Nesse reencontro de minhas raízes aventureiras, e já avançado na idade a ponto de poder me proteger pela vacinação que já alcançou a minha idade, quero resgatar esses vínculos despedaçados pelo tempo, entre os amantes do Velho Chico e de suas população ribeirinha. Para isso, começo por afirmar que, mesmo não tendo conseguido chegar àqueles que me acolheram para lhes entregar um exemplar de minhas memórias, ainda guardo cada nome daqueles que me deram guarida, alimentação, carinho e dedicação para que eu pudesse compreender a saga desse povo encantado, saber de seus desejos, suas lutas e sua história, ainda que fosse apenas como recortes da plenitude se suas vidas...
Meu propósito era refazer a viagem, desta vez por terra, passando pelas mesmas cidades, povoados, comunidades e aldeias, para reencontrar essa gente maravilhosa e deixar, em cada lugar, um livro dedicado a eles e elas, com minha mensagem de gratidão... porém, foram sete anos de lutas para conseguir publicar o livro de memórias, com apoio de muitos de vocês que hoje me leem... e o tempo é cruel conosco, deixando marcas indeléveis de nossas tristezas, frustrações e sofrimentos, chagas que nunca se curam, mas fazem parte de nossa história de vida e de luta...
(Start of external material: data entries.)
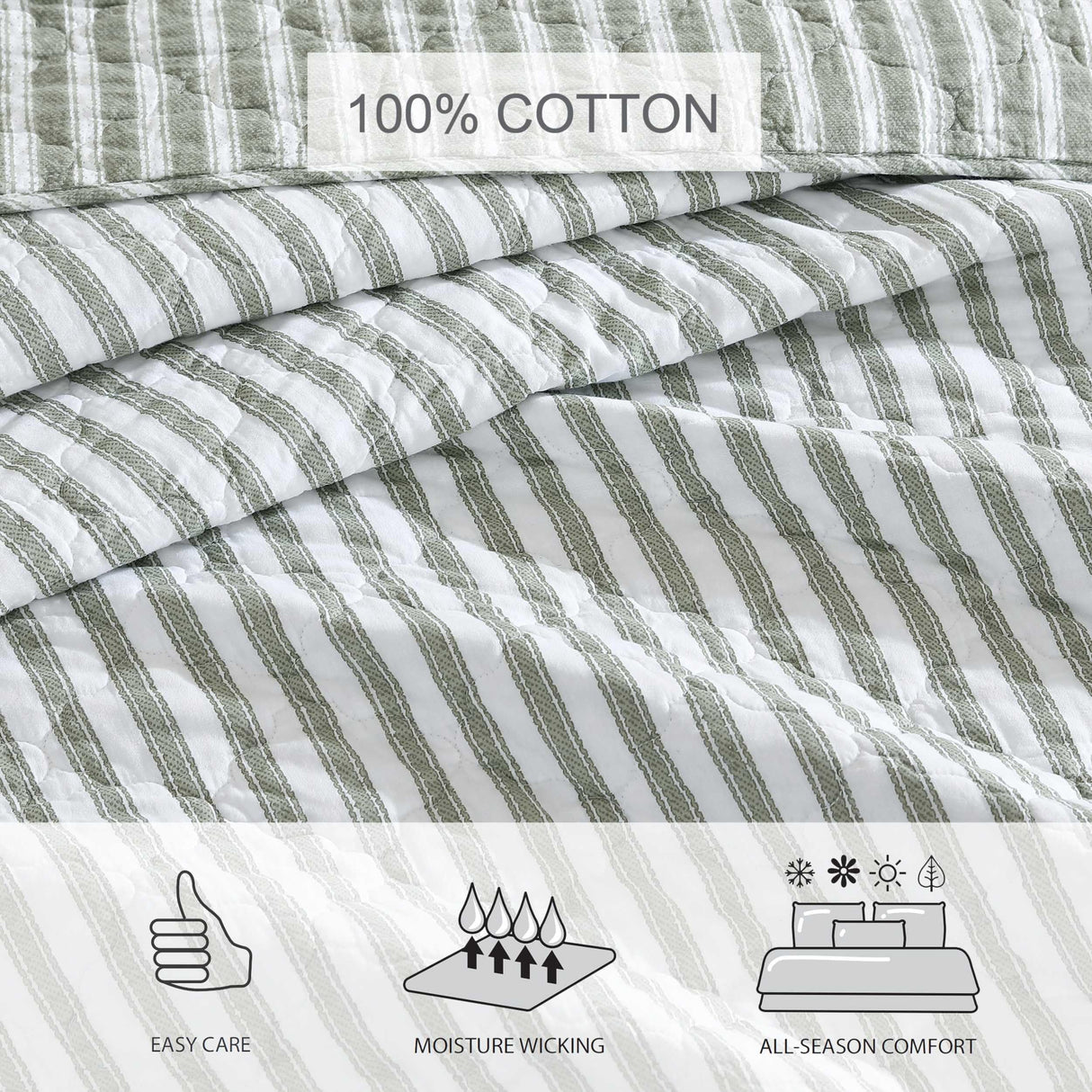 Stone Cottage - Full/Queen Quilt Set, Reversible Cotton Bedding with Matching Shams, Striped Ideal Bedding Set (Willow Way Green, Full/Queen) Stone Cottage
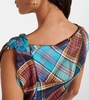 Fond plaid draped minidress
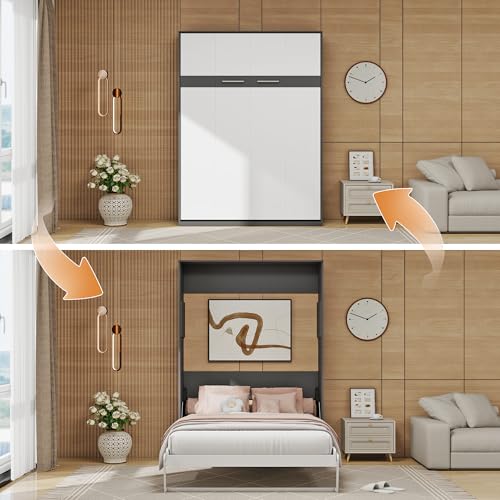Murphy Bed Full - Space Saving, Convertible Hidden Bed, Brown C7991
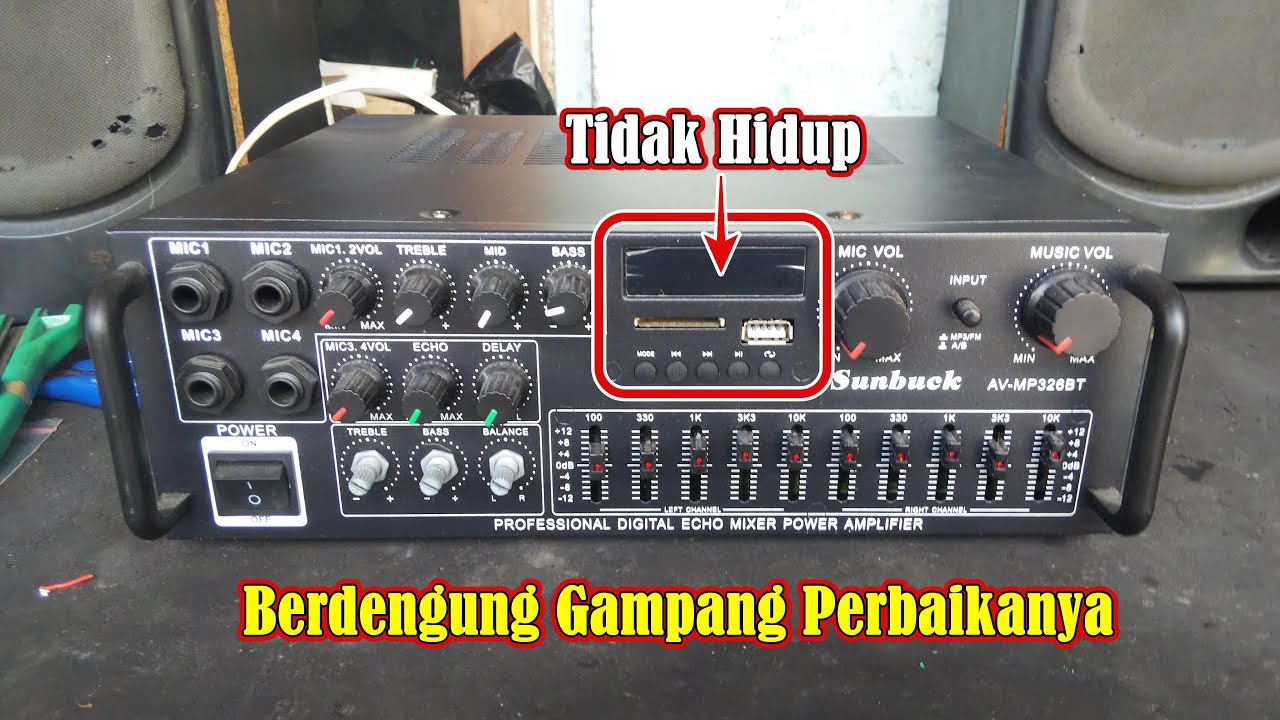 Servis Amplifier Sunbuck Rusak Berdengung dan Modul MP3 Tidak Hidup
Hoje tenho 71 anos... muito daquela energia que tive para percorrer 3.000 quilômetros, grande parte deles remando sozinho, acampando nas margens do Velho Chico, enfrentando ameaças e sendo solidário a toda essa gente encantada que me recebeu como se fosso um dos seus... porém, não desisti dos meus sonhos, e essa é a razão de voltar a esse blog para compartilhar dessa fagulha de esperança de poder terminar o meu trabalho... para cada um de vocês, é apenas um relato de alguém que não conhecem senão pelas minhas narrativas... para outros, um reencontro, mas para mim será o refluir da vida em minhas veias, pois ainda guardo a minha canoa, Ulysses, na casa de um grande amigo, na esperança de poder colocá-la de volta nas águas do Velho Chico, ainda que seja apenas para curtas remadas e breves reencontros... muitos dos que encontrei já se foram, como o pescador Roberto Rocha, de Lagoa da Prata, Minas Gerais, ou a educadora e escritora Joana Comandaroba, de Barra, Bahia...
Porém, o importante é voltar a sonhar... por mais curto que seja esse sonho, não será uma ilusão, mas a grande verdade que aprendi entre vocês, nas franjas do rio, contada por quem deu sua vida a povoar esses lugares mágicos, um caleidoscópio de cenários que ainda povoam minhas memórias... por isso, peço-lhes que compartilhem essa postagem entre os seus entes amados, entre as novas gerações que continuam a habitar as margens do nosso amado Velho Chico...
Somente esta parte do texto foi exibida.